Rise of 3-5% seen as possible despite political turmoil; landowners unlikely to sell if best prices not available
Land prices in Bangkok and its suburbs are at worst expected to be maintained, and at best to rise by between 3 and 5 per cent this year, even though the property market is showing signs of falling amid prevailing uncertainties.
“The price of land has never dropped since the economic crisis in 1997, although the country’s economy and property market slumped that year,” said Pruksa Real Estate president and CEO Thongma Vijitpongpun.
With most landowners not needing to sell if they cannot get the best price, the cost of land is showing no sign of falling despite the property market being negatively impacted by the political turmoil, he said.

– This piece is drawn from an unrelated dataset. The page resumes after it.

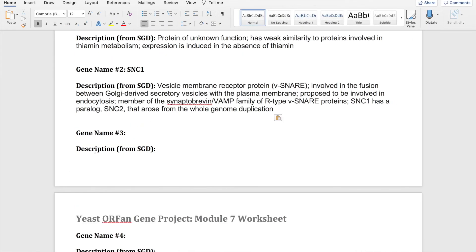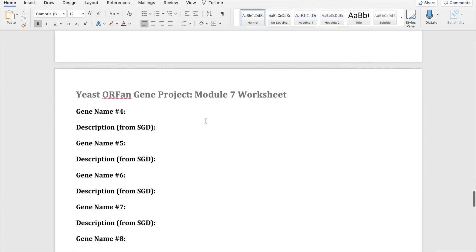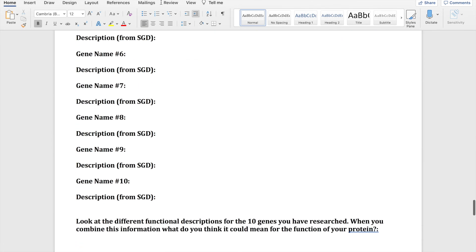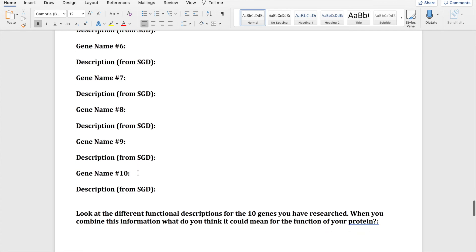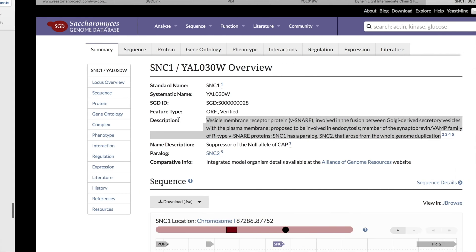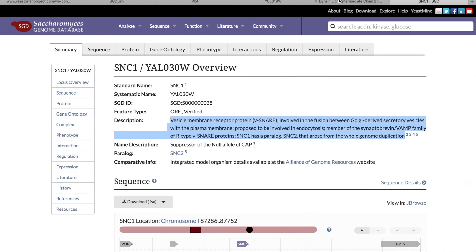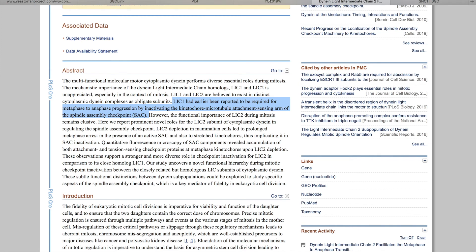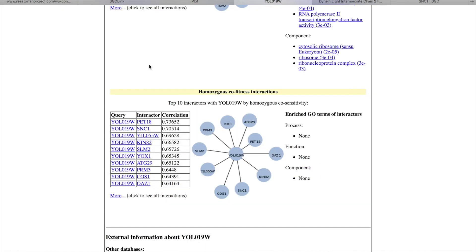So you're going to want to go through and do this with all of the different genes that show up. Writing down the name, searching the description, and copying and pasting it, one through ten. And then you're going to want to read through the descriptions, figure out anything that you don't understand what it means, and then put together what things are occurring again and again and commenting on that at the end of the question section.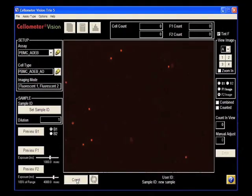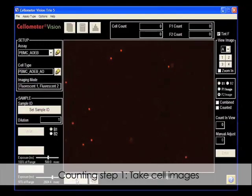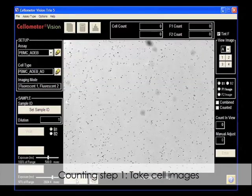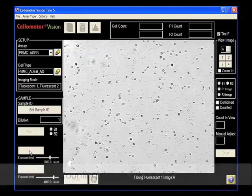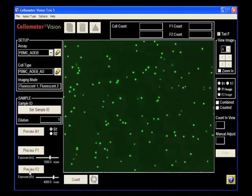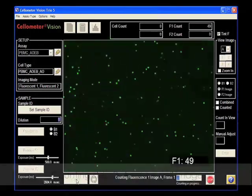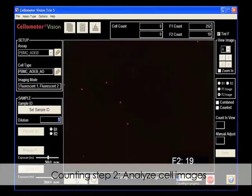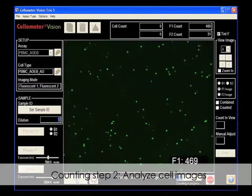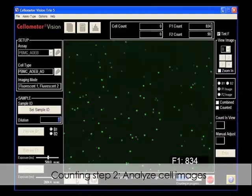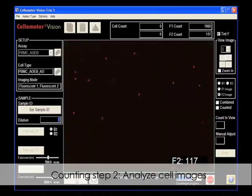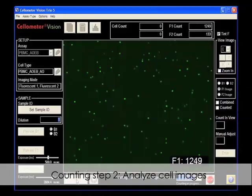Click count to automatically start cell counting. Cellometer Vision takes cell images in bright field and in fluorescence. Cell images are automatically analyzed based on preset parameters for live and dead nucleated cells.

Greater Bangkok land prices have increased by a yearly average of 5 per cent, and by more than 10 per cent in some locations, since the revised appraised values announced by the Treasury Department in 2012.
The agency’s appraised values – running from the middle of that year through 2015 – represent an average rise of 21.34 per cent nationwide from the appraised value covering the 2008-2011 period.

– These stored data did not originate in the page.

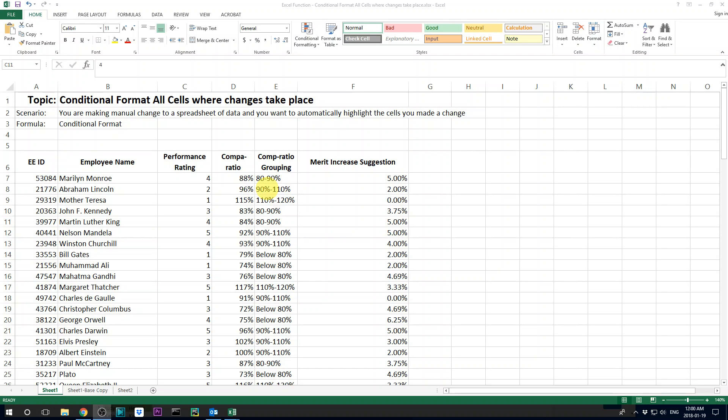Hello everyone. Today I'm showing a trick of how to do conditional formatting for all the cells where you make a manual change.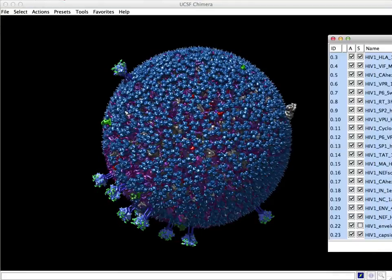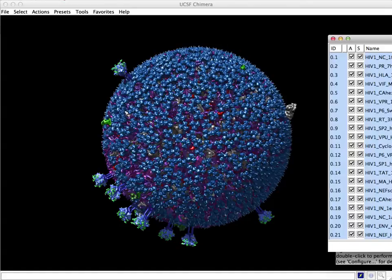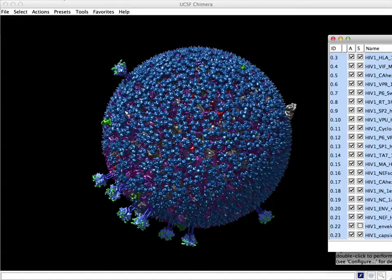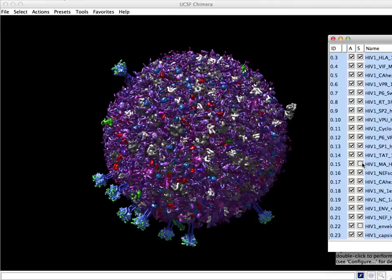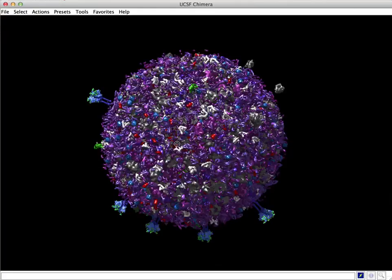And if we turn off these matrix proteins, that will substantially clear up and allow us to see the interior.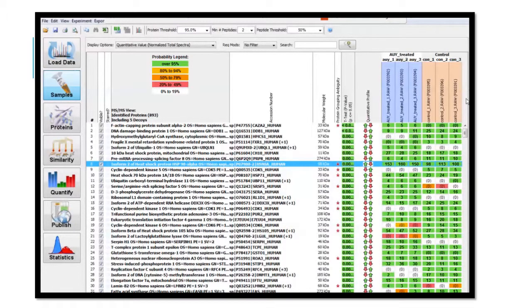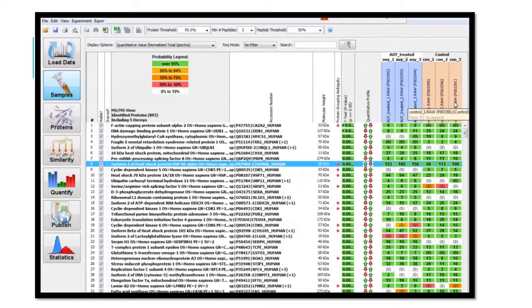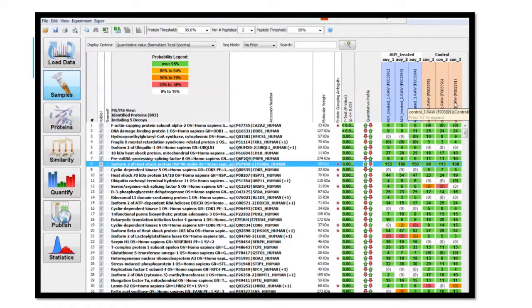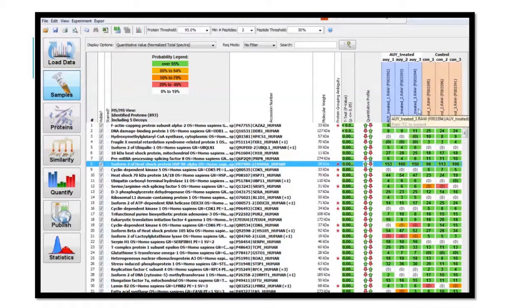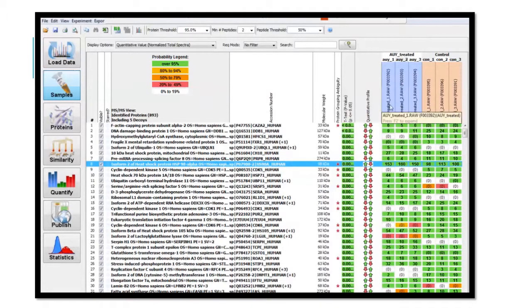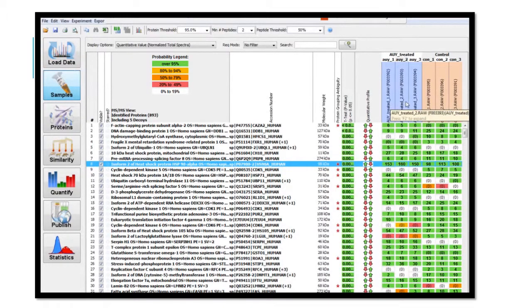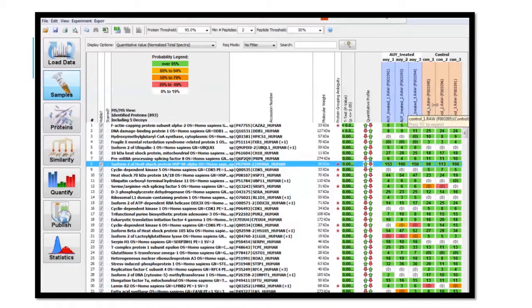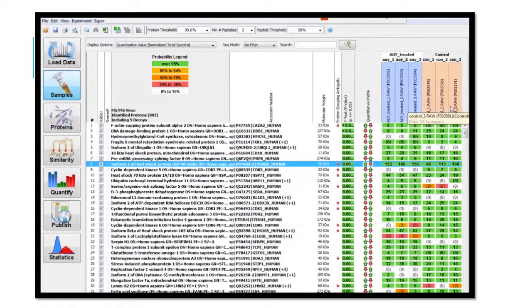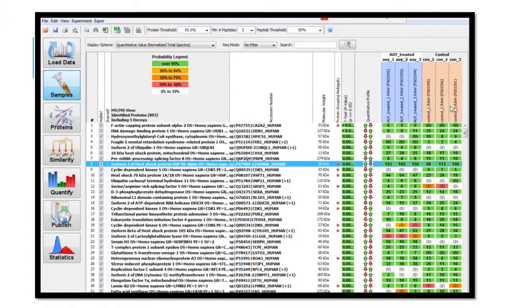What you will do is compare a selected protein whose expression is statistically changed with treatment with AUY922. Note that there are three columns for each, the treated cells and the control cells. This tells us that the experiment had replicates.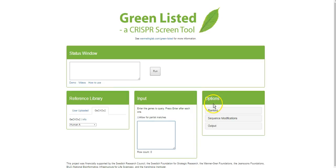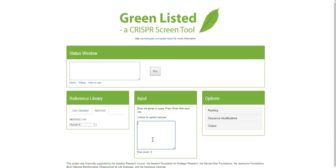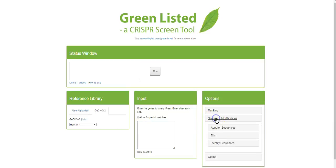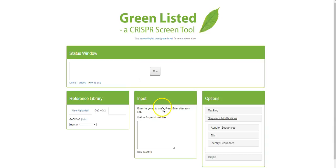As mentioned, there's more information in the how-to-use section. In the options section you have the possibility for some ranking, some sequence modification, and so on. The most important part is the sequence modification, because as you input a list of genes the software will identify a number of spacer sequences — or gRNA sequences — that will target those genes. But to actually make a CRISPR library you need to clone these into some kind of vector or plasmid, and for that you need adapter sequences.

For example, in Bangkok the increase over the two-and-a half-year period would be 17.13 per cent, and in the provinces about 21.4 per cent.

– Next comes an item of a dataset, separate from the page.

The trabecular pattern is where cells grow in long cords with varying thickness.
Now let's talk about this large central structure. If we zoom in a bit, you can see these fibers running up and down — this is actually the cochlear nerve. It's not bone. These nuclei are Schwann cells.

In terms of appraised value, southern Thailand had a higher increase than other locations, with a record rise of 32.25 per cent, followed by the East (26.04 per cent), the Northeast (22.58 per cent), the North (14.84 per cent), the West (15.55 per cent), and the Central region (12.9 per cent).
In Bangkok, Silom Road saw the biggest jump in appraised value, with land priced at Bt850,000 per square wah (Bt212,500 per square metre) – well above the appraised value of Bt650,000 per square wah in 2011.
Then come Rajdamri Road and Rama I, both with an increase from Bt350,000 to Bt800,000 per square wah, while Phloenchit rose from Bt430,000 to Bt800,000 per square wah.
The new appraised values for Bangkok and its suburbs were drawn up after the severe flooding hit the city and surrounding areas late in 2011.
“Demand to buy land for residential development is strong every year, with leading property firms expanding their business and facing high competition to purchase land in the best locations in the central business district of Bangkok. As a result, land prices in Bangkok and its suburbs show no signs of dropping, even though the overall property market is falling,” said Issara Boonyoung, adviser to the Business Housing Association and also the owner of property firm Kanda Group.
According to a survey by the Agency for Real Estate Affairs, land prices in the capital increased by 4.6 per cent on average last year.
However, AREA believes the current political problems will ensure they increase by only 3 per cent over the course of this year.
Sopon Pornchokchai, the agency’s CEO, said land prices in Bangkok had grown by an average of 3-4 per cent a year since the economic crisis of 1997.
Meanwhile, land prices at Siam Square and Rama I Road are the highest in Bangkok, at Bt1.65 million per square wah, the survey found.
However, land for sale on Rama I is limited as most owners are reluctant to sell.
A survey by The Nation found that the latest sale, in a deal struck last year, recorded a high price of Bt2 million per square wah for a plot located on Sukhumvit 24.
This was paid by Proud Real Estate – owned by politician Suwat Liptapanlop – for 600 square metres of vacant land between sois 22 and 24.
The company will develop the Bt15-billion Park 24 condominium project on the land.